My favorite denizen of this particular rabbit hole is someone who’s already come up a couple of times, and that’s Ludwig Wittgenstein, who offered what I think is the most provocative answer to that question ever given. Some of you may be familiar with the canonical quotation in which his basic idea appears: “for a large class of cases — though not for all — in which we employ the word ‘meaning’ it can be defined thus: the meaning of a word is its use in the language.” It can be difficult to see at first what is so radical about this conception. Wittgenstein, in fairness, spends a few hundred pages drawing it out. Taken superficially, it may seem to be a statement about context — that how a word is used is important. But Wittgenstein goes considerably further than that by rejecting the entire notion that propositions are true or false or otherwise meaningful based on some condition exterior to those propositions. In fact, what he really says is that there is not anything other than use in context. There is not anything to speak of beyond this complex web of relations. “What is justice?” Justice is the set of moments in which the term is deployed. That does not make the question itself nonsensical or unanswerable. “What is justice?” is, after all, an instance in which the term is employed. But it does make it unlikely that we could get very far in forming a useful, all-purpose definition. And since forming useful, all-purpose definitions is presumably one of the goals of philosophy, we may find that posing questions like this gets us exactly nowhere.

[08:00]

What is useful about this for my purposes, though, is the fact that this idea of meaning and use gives us not only a way to talk about computational representations, but is a way to describe computation itself. Computation, stated in the most minimalistic way possible, is about taking information from one state to another. In the normative case, it is about taking some linguistic construct and producing another linguistic construct, though that is not at all essential. If you have a process that can take information and produce more information, we call that process a computation. It is what happens when you press the equals sign on a calculator, and it is what happens when you friend someone on Facebook. The fact that we have some process by which to affect that transformation indicates something in particular about the information with which we began. We say that it has a semantics. This restates Wittgenstein’s point quite succinctly. The information has meaning, has a semantics, because we can produce other states from it. States being anything from reorganizations to physical actions. In the absence of such productions, whether actual or potential, the information is literally meaningless. And while that condition might be rare, it sets a boundary condition on semantics. Most computational representations have a semantics because it is at least possible to imagine computations being performed on them. This is perhaps why [Daniel P.] Friedman and [Mitchell] Wand, from whom I drew that previous quotation about the essentials of programming languages having to do with semantics, go on a few sentences later to say, “the most interesting question about a program as object is ‘what does it do?’” If meaning is use, then who can argue? So when the LISPers say that XML has no semantics, they are presumably referring to the fact that by itself, XML has no inherent ability to produce anything at all. You need to describe that semantic meaning somewhere else. Which is exactly the same as saying that you need some process by which that representation is either transformed into some other kind of representation or otherwise results in another representation being produced.

[10:20]

But is that any less true of S-expressions? Isn’t a S-expression also a representation in search of a means by which it can be translated into some other representation?

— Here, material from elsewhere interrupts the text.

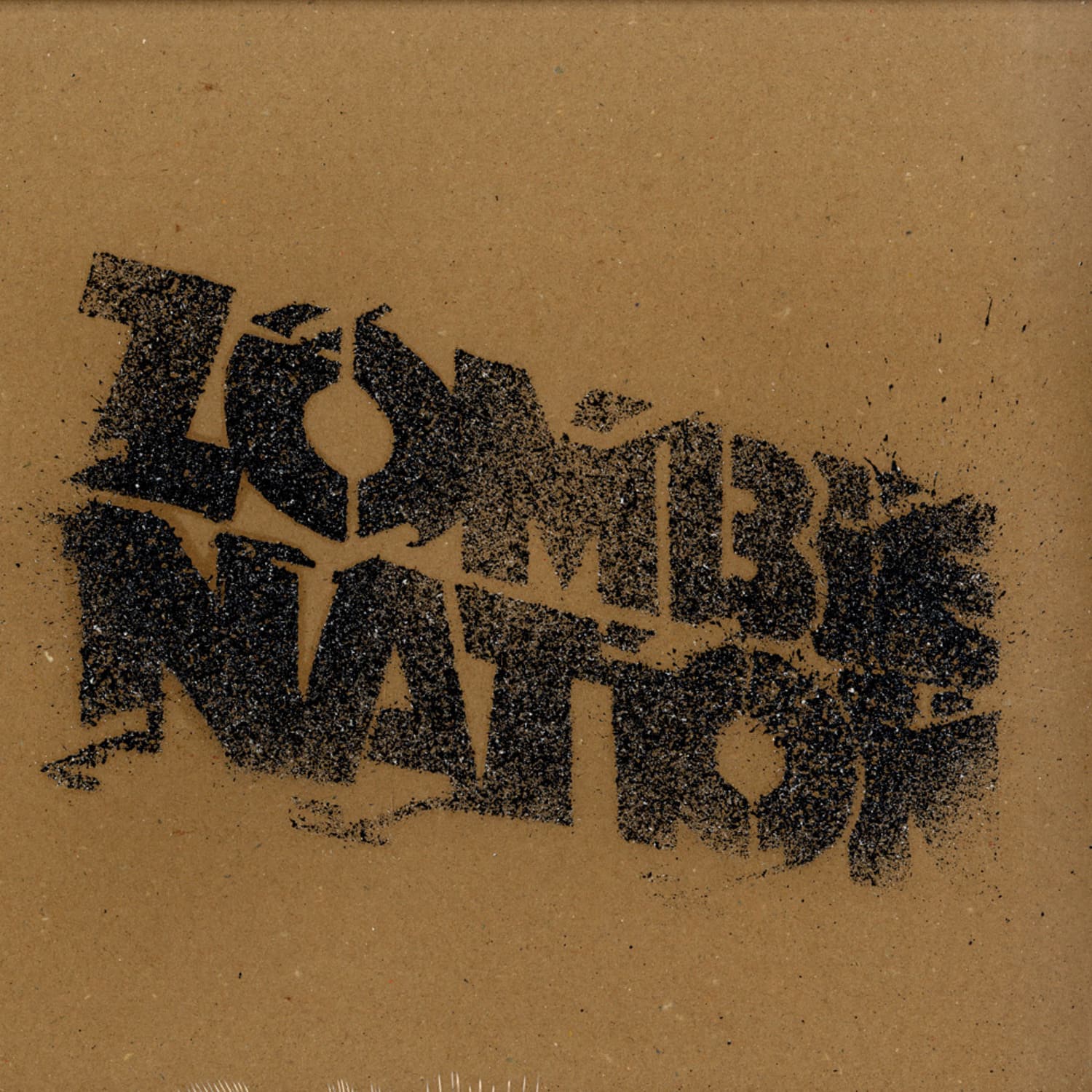 Zombie nation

What could possibly cause someone to say that S-expressions have a semantics while XML does not? And I have read this entire flame war so you do not have to. But the answer to that question — S-expression has a semantics while XML does not — the answer to that question does have to do with LISP, because in LISP there is no inherent difference between the representation used for data and the representation you use for the process, i.e. code. This by the way is called homoiconicity, and it is an inherent process of all languages in the LISP family. The most striking example of homoiconicity outside of the LISP family is, wait for it, XSLT. In either case, it means that any code you write is also a data structure in the language and, conversely, any data structure you create is at least potentially an executable process. I say potentially because the LISPers are completely and totally wrong when they say that S-expressions have a semantics. They have a semantics if and only if you also have a way of taking that representation and using it to produce something else. That is to say, S-expressions have a semantics if you also have a LISP to process them. The consequent notion for XML is that XML has a semantics if and only if you also have a way of taking that representation and using it to produce something else. That is to say, XML has a semantics if you also have a schema combined with some way to process it. But notice the difference there: if you have S-expressions, you need a LISP run time; if you have XML, you need a schema — which is to say,  a grammar description combined with a type and structure ontology; what we would call, in this context, a data model — combined with a presumably Turing complete language. The difference, in other words, has less to do with angle brackets and parentheses and much more to do with where the semantics lies in the overall system.

[12:43]

It is possible, of course, to process S-expressions without LISP. It would also be possible to separate the grammatical description of type and structure constraints from the entity responsible for affecting the transformation and still be doing LISP. We are not talking about some kind of new affordance offered by LISP, some deficiency in the XML ecosystem or the other way around. When it comes to taking things from one information state to another, either system could be designed either way. So my question is this: does it matter at all where you put the semantics? And the answer to that, I think, is yes. And for more or less the same reasons that syntax matters. The XML ecosystem implicitly imagines a radical decoupling between the act of data modeling and the act of processing data. In fact, it breaks the act of data modeling itself into several discrete stages, which, in practical terms, translates into a decoupling of the social act of marking up texts from the social act of modeling data, and both from the social act of processing data. I use the term “social act” as a way of designating different potential functions — job descriptions, if you like — in the overall job of computation. You can be the person who decides how a grammar is applied in a particular instance, or you be the person who defines the grammar. Or you can be the person who uses the grammar and the document to translate the information into another state — or, obviously, you can be all three.

[14:10]

What the LISPers argue for is really a world in which these three things are combined. Some partition of roles is, of course, still possible, but in practice the LISP ecosystem more or less demands that data modeling and data processing are never far from one another. While it’s possible to imagine an S-expression tagger—maybe that would be a ”paren-er”— it is less easy to imagine that person not also being at some level a programmer. But forget about LISP, again, because the real issue is not whether LISP is good or bad. The issue is whether the distributed, decoupled model embodied in the XML ecosystem limits or expands our ideas about data modeling as compared to a more centralized workflow in which data modeling is never far from data processing. And here I will risk starting my own flame war by saying that, practically speaking, it does.

[15:00]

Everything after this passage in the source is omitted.